:: Task brief ::
Print all the data that follows exactly, images excluded.

:: Information shown ::
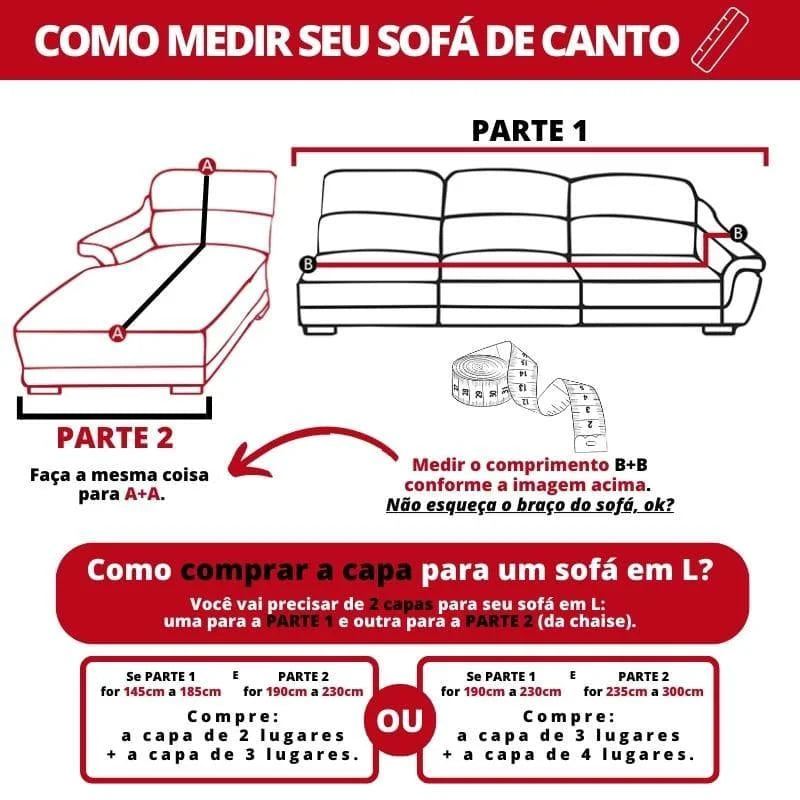 Capa para Sofá Premium Suede Cinza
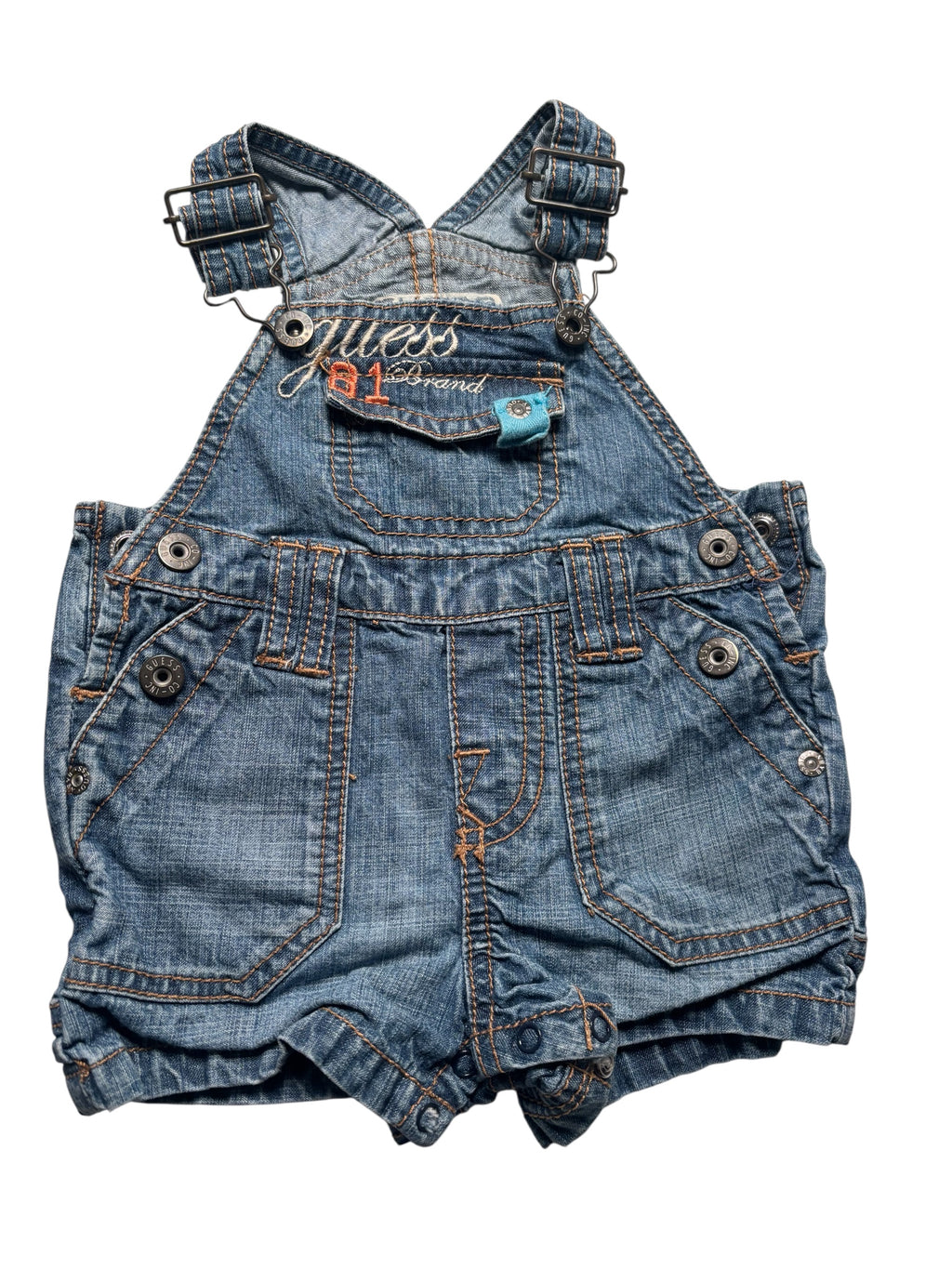 Guess Baby Denim Shortalls Overalls Blue Jean Romper Toddler KDS13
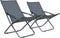 vidaXL - Strandstoelen - 2 - st - inklapbaar - stof - grijs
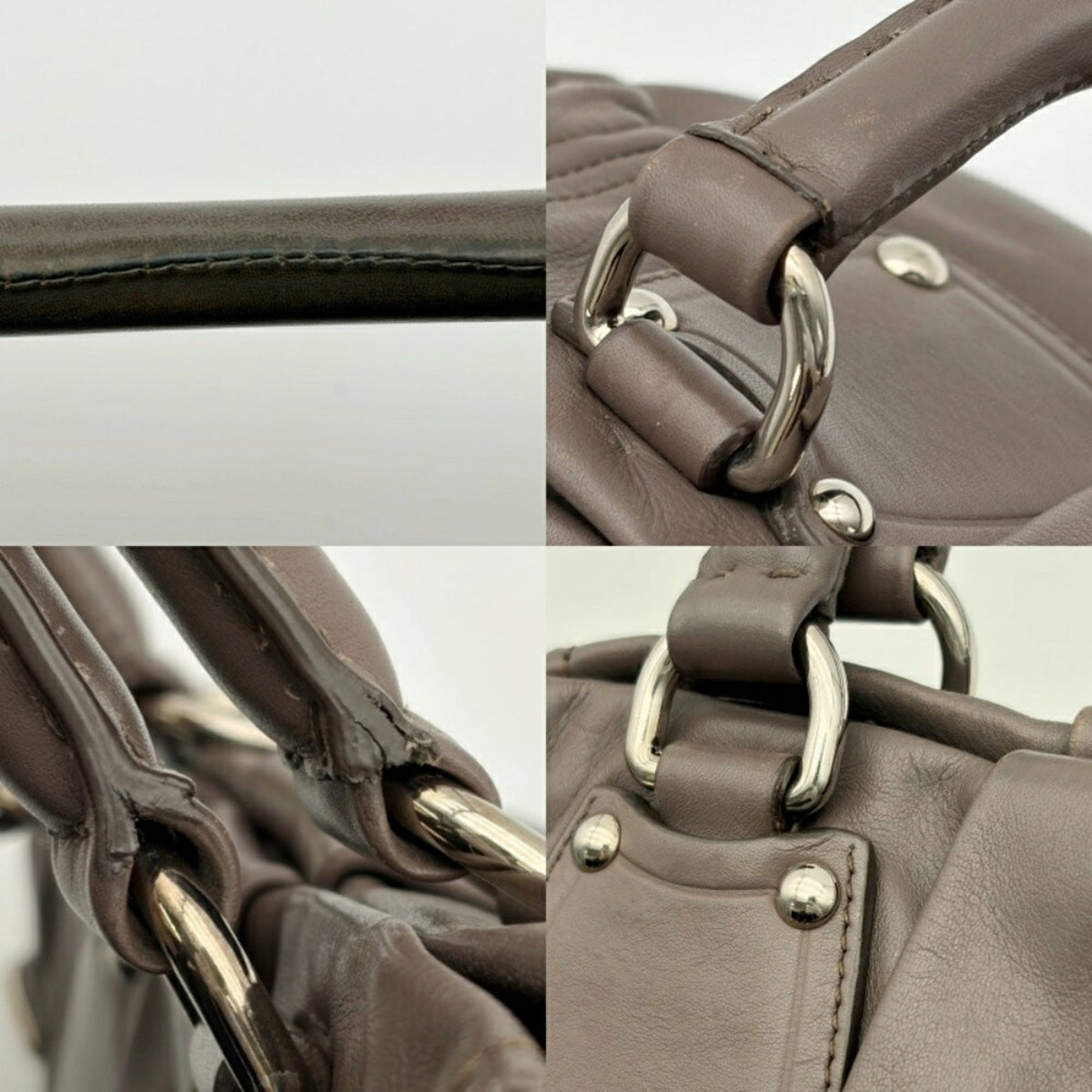Prada Dark Gray Grayish Leather Tote Bag (Pre-Owned)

:: Answer to this exercise ::
 Capa para Sofá Premium Suede Cinza
 Guess Baby Denim Shortalls Overalls Blue Jean Romper Toddler KDS13
 vidaXL - Strandstoelen - 2 - st - inklapbaar - stof - grijs
Prada Dark Gray Grayish Leather Tote Bag (Pre-Owned)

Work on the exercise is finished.